I guess in other words, what is the functional difference between a lambda with a & capture list and a regular function such that the lambda is not convertible to a function pointer?
So let's take the example of a trivial lambda:
Object o;
auto foo = [&]{ return o; };
What does the type of foo look like? It might look something like this:
struct __unique_unspecified_blah
{
operator()() const {
return o;
}
Object& o;
};
Can you create a function pointer to that operator()? No, you can't. That function needs some extra information that comes from its object. This is the same reason that you can't convert a typical class method to a raw function pointer (without the extra first argument where this goes). Supposing you did create some this pointer - how would it know where to get o from?
The "reference" part of the question is not relevant - if your lambda captures anything, then its operator() will need to reference some sort of storage in the object. If it needs storage, it can't convert to a raw function pointer.
I guess in other words, what is the functional difference between a
lambda with a & capture list and a regular function such that the
lambda is not convertible to a function pointer?
References, though they aren't objects, need to be stored somewhere. A regular function cannot access local variables of another function; Only references (e.g. as parameters) that could refer to local variables. A Lambda with a & as the capture-default can, because every variable needed can be captured. In other words: A regular function doesn't have state. A closure object with captured variables does have state. So a closure object cannot be reduced to a regular function, because the state would be lost.

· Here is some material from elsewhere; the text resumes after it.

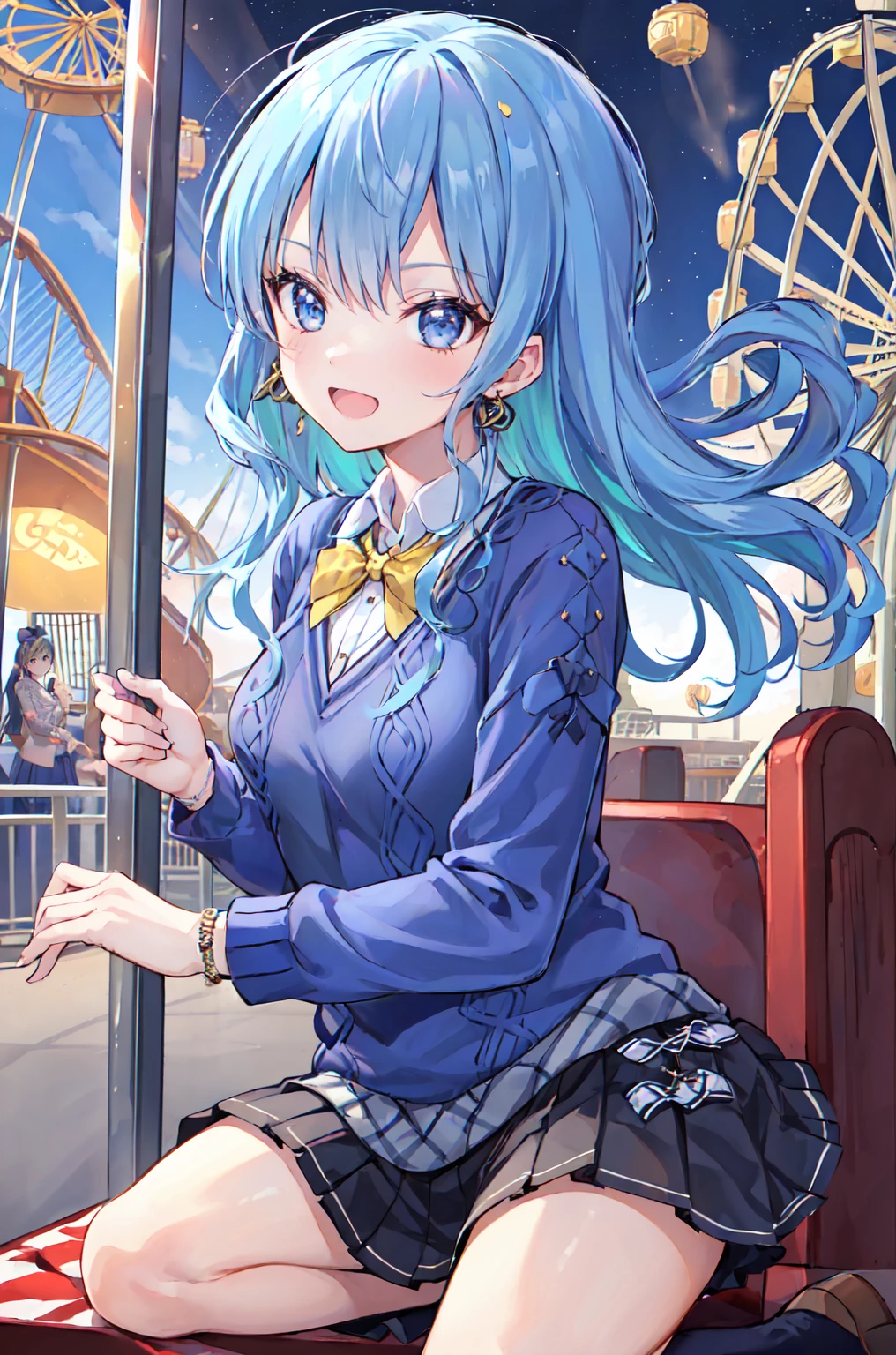 1 Girl, alone, pretty girl, Highest quality, Super detailed, 8K, High resolution, Detailed face, (Movie angle),  smile, enjoy, ;D, ((Blue sweater, argyle sweater, Short sleeve))), Grey Skirt, Pleated skirt, Black socks, Brown footwear, (((Inside the amusement park, Ferris wheel, roller coaster))),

My code (C++) need to pass lambda as function pointer. My lambdas always: a) return void; b) never takes any parameter; and c) can have zero or more capture arguments. I want to pass this lambda as a function pointer but unable to do so. Any advice ?
Sample code:
void fptrfunc(void (*fptr)()){
fptr();
}
int main(){
int x = 2;
fptrfunc([](){cout << "LAMBDA CALL--1"<< endl; }); // Works
fptrfunc([x](){cout << "LAMBDA CALL--2"<< endl; }); // Does not compile
return 0;
}
Lambda functions which are really just functions, i.e., don't carry and data, can be converted to function pointers. To not have any data clearly the capture has to be empty. The other parts of the signature do't matter: as long as the types match, you can assign a lambda function [with an empty capture] to a function pointer.
The moment you need to have data with your lambda function you won't be able to convert it to a function pointer because there is no place to store the additional data. If you have a sensible interface where you need to pass the lambda function you may have some user data being passed along, often a void*. You could a combination of an auxiliary function pointer and a lambda, probably wrapped by a suitable std::function<Sig>, pointed to by the user data to still call a lambda function.
What you want, is not possible in C++. Lambdas that capture variables are not convertible to a function pointer.
You need to do drop the requirement c) and only use lambdas without captures. Or you must change the declaration of fptrfunc. You can change the parameter type to std::function or make it a template that can accept any type of functor that implements the operator().